I've noticed that this kind of thing happens a lot whenever a losing argument has been completely backed into a corner by contradictory data. I've even regrettably had it happen to me before. It is a psychological phenomenon rather than a logical one, for a purely logical man would abandon his argument at once whenever it started violating the law of non-contradiction. But human beings are not purely logical creatures and we become attached to our theories. Denying non-contradiction is the last psychological redoubt a person has before he must bite the bullet and accept that his argument is wrong.

It's frustrating that things had to go this far, but it is a step in the right direction to see that the even the architects of the QE argument can no longer consistently defend it.

LawsofPhysics's picture

In the absence of real consequences it remains a meaningless gesture.  The former treasury secretary of the #1 economy on the fucking planet admits that there were "arsonists who burned down the financial system and profited from it"...


One simple question motherfucker; how many of these arsonists are rotting in a real "pound you in the ass" prison?

Is arson a "good" thing now?

Tick tock...

TheReplacement's picture

I hate to sort of disagree with you twice in a month much less a day.

The arsonists are not the problem.  Most of us here would like to be arsonists and we do what we can by preparing for what is to come.  The problem is not those who benefit from a situation but those who caused the situation.  The arsonists did not cause it.  Politicians and bankers caused it, starting with politicians.  They passed the laws that allow banks to behave badly that created a scenario where individuals could benefit through bad behavior.

The arsonists should be held accountable for their actions.  I'm only saying that their actions did not put us where we were or where we are.




max2205's picture

Some of these guests reminds me of watching cnbc back when I did....

ZH numbers will drop if this continues

TheReplacement's picture

Aaaannnnnd heeeeeeere's Top GEEEEAAAAAR.


orangegeek's picture

What are the odds of Andy Haldane jumping?
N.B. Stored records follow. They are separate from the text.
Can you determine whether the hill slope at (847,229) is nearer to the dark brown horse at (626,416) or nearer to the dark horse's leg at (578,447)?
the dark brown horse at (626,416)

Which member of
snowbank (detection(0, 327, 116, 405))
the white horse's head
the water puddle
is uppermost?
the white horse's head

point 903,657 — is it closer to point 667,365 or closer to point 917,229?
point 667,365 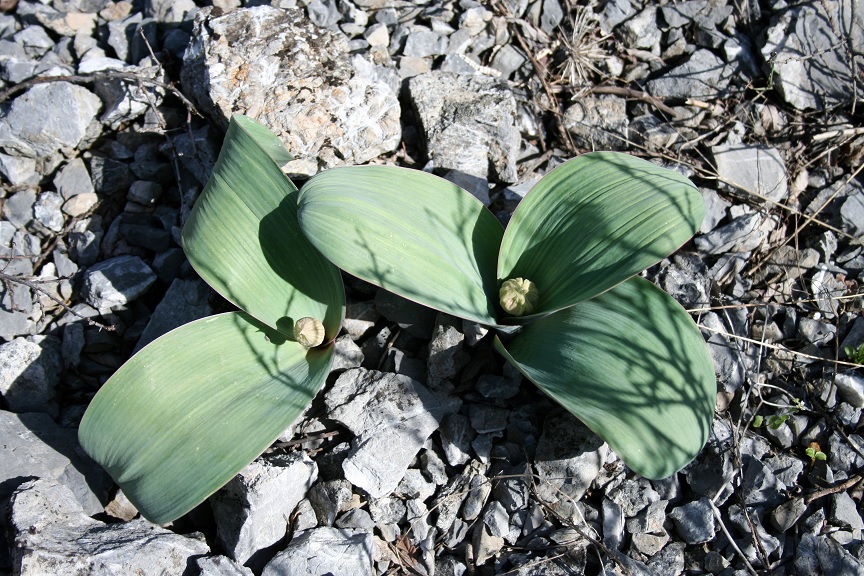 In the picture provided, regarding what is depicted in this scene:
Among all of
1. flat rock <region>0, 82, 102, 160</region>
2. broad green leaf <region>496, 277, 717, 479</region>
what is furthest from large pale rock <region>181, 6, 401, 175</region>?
broad green leaf <region>496, 277, 717, 479</region>

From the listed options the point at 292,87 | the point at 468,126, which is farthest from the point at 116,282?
the point at 468,126

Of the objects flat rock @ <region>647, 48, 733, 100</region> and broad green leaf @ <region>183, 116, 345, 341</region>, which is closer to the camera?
broad green leaf @ <region>183, 116, 345, 341</region>

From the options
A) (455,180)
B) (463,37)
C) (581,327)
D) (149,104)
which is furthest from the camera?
(463,37)

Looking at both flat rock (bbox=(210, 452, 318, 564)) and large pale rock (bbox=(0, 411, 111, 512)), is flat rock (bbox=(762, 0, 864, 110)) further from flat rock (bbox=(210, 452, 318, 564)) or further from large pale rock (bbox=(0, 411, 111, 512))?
large pale rock (bbox=(0, 411, 111, 512))

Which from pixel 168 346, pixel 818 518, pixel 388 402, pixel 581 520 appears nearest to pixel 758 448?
pixel 818 518

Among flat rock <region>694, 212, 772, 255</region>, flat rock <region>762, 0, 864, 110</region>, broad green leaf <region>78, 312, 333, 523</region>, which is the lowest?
broad green leaf <region>78, 312, 333, 523</region>

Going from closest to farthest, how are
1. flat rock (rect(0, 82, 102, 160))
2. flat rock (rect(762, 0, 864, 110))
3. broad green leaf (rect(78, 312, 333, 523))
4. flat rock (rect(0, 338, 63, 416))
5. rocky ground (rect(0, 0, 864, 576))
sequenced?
1. broad green leaf (rect(78, 312, 333, 523))
2. rocky ground (rect(0, 0, 864, 576))
3. flat rock (rect(0, 338, 63, 416))
4. flat rock (rect(0, 82, 102, 160))
5. flat rock (rect(762, 0, 864, 110))

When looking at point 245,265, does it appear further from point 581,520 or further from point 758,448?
point 758,448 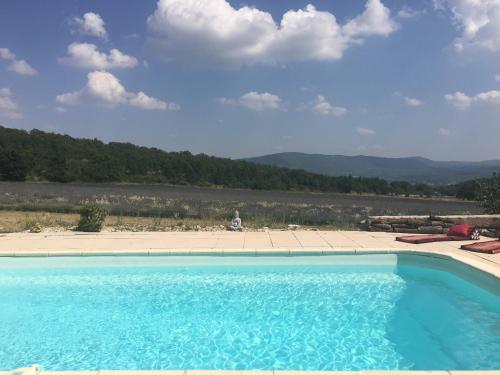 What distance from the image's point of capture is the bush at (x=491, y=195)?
12273 mm

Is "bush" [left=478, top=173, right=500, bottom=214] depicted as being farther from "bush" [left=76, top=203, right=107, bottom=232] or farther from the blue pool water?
"bush" [left=76, top=203, right=107, bottom=232]

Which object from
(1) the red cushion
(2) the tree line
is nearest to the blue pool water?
(1) the red cushion

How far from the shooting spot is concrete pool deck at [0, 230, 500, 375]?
797cm

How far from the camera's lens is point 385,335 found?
5.24m

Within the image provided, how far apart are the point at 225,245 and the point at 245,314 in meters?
2.91

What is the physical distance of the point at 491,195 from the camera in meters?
12.6

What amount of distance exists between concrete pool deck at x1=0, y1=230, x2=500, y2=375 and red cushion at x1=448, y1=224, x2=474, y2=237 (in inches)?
15.7

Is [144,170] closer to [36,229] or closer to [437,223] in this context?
[36,229]

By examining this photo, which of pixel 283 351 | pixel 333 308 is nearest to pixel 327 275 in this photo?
pixel 333 308

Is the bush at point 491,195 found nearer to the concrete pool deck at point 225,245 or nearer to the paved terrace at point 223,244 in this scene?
the concrete pool deck at point 225,245

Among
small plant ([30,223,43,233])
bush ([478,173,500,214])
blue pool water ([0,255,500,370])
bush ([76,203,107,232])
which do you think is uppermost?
bush ([478,173,500,214])

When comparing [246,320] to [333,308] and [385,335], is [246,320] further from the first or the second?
[385,335]

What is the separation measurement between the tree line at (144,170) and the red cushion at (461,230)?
23.9 meters

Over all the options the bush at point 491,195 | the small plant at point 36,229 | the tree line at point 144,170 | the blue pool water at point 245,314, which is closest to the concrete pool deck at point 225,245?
the blue pool water at point 245,314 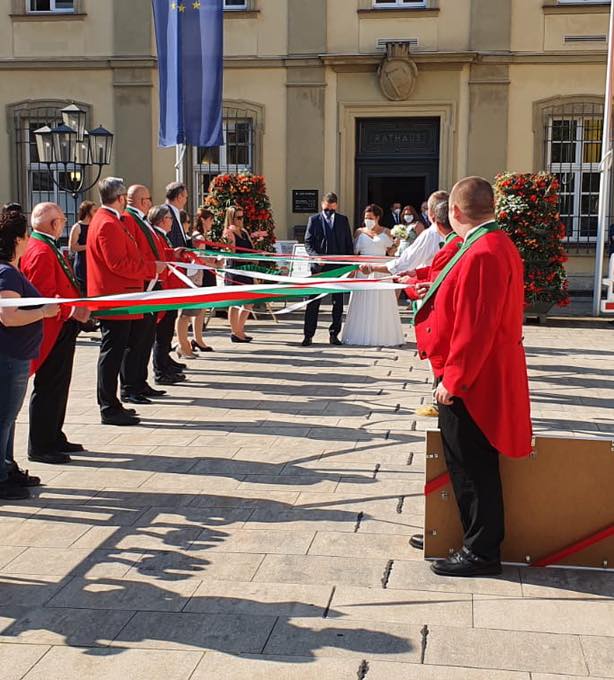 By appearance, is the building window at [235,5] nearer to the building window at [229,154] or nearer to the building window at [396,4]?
the building window at [229,154]

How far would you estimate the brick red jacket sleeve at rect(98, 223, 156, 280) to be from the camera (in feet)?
25.9

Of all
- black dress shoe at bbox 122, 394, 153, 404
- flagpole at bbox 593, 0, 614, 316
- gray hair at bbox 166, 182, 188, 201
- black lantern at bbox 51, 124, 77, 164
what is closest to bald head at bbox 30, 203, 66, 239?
black dress shoe at bbox 122, 394, 153, 404

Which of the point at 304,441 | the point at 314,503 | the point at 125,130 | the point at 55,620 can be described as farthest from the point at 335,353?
the point at 125,130

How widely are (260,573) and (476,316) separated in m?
1.61

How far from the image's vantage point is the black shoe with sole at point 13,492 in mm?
5996

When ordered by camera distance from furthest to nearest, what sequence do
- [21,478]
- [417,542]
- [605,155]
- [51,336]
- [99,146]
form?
[605,155] → [99,146] → [51,336] → [21,478] → [417,542]

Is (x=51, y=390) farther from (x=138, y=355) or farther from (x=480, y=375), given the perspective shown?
(x=480, y=375)

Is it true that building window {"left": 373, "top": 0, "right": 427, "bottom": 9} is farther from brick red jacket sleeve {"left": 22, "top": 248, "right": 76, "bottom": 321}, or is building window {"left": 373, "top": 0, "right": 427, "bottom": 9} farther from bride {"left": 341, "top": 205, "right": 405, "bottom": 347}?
brick red jacket sleeve {"left": 22, "top": 248, "right": 76, "bottom": 321}

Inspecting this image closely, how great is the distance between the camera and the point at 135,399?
29.3ft

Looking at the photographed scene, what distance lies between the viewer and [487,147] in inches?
754

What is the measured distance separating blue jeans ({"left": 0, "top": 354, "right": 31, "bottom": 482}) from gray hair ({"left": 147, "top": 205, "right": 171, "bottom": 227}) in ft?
13.3

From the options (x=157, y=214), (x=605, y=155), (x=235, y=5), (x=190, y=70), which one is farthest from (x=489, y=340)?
(x=235, y=5)

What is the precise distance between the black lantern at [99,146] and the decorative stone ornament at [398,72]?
6.41 m

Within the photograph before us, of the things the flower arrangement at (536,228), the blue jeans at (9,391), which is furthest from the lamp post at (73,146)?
the blue jeans at (9,391) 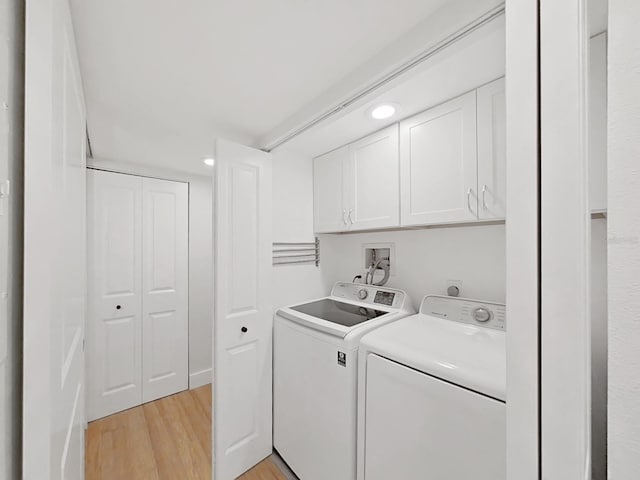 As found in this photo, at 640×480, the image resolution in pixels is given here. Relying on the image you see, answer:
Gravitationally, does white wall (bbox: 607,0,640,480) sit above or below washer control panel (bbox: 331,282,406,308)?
above

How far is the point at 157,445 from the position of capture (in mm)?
2062

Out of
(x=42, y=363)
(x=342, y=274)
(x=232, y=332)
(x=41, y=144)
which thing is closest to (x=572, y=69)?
(x=41, y=144)

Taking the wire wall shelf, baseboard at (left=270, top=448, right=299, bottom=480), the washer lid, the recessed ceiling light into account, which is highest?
the recessed ceiling light

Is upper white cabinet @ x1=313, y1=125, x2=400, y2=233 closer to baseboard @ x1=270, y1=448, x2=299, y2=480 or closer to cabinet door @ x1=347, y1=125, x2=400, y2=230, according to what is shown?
cabinet door @ x1=347, y1=125, x2=400, y2=230

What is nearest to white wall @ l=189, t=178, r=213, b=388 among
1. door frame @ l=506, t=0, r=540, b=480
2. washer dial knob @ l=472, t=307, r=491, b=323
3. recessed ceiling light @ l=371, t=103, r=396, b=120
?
recessed ceiling light @ l=371, t=103, r=396, b=120

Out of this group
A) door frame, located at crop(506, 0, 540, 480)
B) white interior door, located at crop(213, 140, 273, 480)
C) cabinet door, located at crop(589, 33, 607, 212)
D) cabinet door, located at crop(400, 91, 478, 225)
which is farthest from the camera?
white interior door, located at crop(213, 140, 273, 480)

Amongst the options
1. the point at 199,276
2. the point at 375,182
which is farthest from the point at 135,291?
the point at 375,182

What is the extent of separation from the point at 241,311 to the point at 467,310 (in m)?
1.39

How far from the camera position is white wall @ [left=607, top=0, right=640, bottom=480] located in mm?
329

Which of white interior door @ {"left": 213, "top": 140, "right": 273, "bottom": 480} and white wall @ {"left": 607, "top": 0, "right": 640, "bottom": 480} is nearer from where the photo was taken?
white wall @ {"left": 607, "top": 0, "right": 640, "bottom": 480}

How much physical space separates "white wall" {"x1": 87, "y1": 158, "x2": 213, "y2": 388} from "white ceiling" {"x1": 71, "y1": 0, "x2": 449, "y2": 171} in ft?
3.89

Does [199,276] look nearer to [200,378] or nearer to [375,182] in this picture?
[200,378]

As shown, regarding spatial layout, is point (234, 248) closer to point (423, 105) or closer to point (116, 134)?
point (116, 134)

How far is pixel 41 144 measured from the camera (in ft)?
1.69
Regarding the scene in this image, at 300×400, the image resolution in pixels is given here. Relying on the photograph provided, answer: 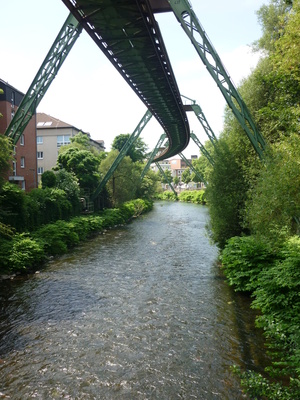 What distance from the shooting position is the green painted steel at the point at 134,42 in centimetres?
943

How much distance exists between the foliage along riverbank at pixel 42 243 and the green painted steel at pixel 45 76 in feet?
17.0

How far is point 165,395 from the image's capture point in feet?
20.3

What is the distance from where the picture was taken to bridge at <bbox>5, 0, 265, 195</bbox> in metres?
9.72

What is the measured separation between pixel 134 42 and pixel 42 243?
33.3ft

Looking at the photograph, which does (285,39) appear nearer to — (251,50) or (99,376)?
(99,376)

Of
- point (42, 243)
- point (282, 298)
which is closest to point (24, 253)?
point (42, 243)

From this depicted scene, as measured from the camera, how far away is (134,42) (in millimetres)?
11477

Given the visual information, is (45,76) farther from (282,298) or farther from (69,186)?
(282,298)

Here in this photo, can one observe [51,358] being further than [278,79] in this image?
No

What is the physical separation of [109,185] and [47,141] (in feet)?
71.0

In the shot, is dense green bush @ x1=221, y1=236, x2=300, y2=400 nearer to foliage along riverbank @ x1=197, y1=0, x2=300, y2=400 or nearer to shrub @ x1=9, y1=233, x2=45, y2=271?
foliage along riverbank @ x1=197, y1=0, x2=300, y2=400

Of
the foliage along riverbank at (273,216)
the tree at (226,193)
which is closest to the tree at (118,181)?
the tree at (226,193)

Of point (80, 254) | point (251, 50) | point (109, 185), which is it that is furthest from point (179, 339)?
point (109, 185)

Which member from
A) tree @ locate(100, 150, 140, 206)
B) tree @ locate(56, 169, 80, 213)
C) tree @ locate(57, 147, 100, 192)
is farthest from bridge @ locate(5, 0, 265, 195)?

Having heard of a bankster going splat is quite a few weeks.

TheReplacement's picture

Nah, guys like him have fatal heart attacks.

surf0766's picture

It's a global "don't hang me bro movement"

MrTouchdown's picture
“There are other things that can and would be done as a first line of defense if we thought financial markets were detaching themselves too materially from fundamentals


So... Which fundamentals are financial markets currently attached to that he doesn't want them to detach from? From where I'm sitting, it looks like CB intervention is the only fundamental that matters.

AdvancingTime's picture

We may soon be forced to face our economic Armageddon. The forces that have driven stock markets ever-higher and upward may be beginning to wane. Many markets became distorted years ago when QE and super low interest rates hit the economy in an effort to lessen many of the missteps of recent years.

This has been more helpful in holding up the underlying value of assets and derivatives it now appears than helping to repair a wounded economy. QE has up to now stopped an implosion of derivatives including the resulting contagion and shock that would have spread throughout the financial system. Unfortunately the economy has not fared as well as these asset prices and in many ways these policies have harmed Main Street. More on this subject in the article below.

bentaxle's picture

"interest rates will not normalise to the levels of the past..?"

He/they think they can keep interest rates right where they want them ad infinitum, with bullshit and Ctrl + P? Some hubris....

Pumpkin's picture
Warns Of Too-Big-Too-Fail "Problem From Hell"


Yeah, they're from hell all right.

JailBanksters's picture

So the cure is.....

More Volatility and More free Money (free money for the banks, not for you, you have to pay shiploads for it)

IANAE's picture

Ironic that regulators apparently disclaim responsibility for permitting - or motivating - what are arguably regulated activities into the unregulated shadow banking system, funded by taxpayers via QE...can't make this stuff up.

Thus RRP attempt to manage the inevitable chaos that will ensue as Fed unwinds QE and the non-bank balance sheets - where excess liquidity has gone seeking yield - abruptly adjust.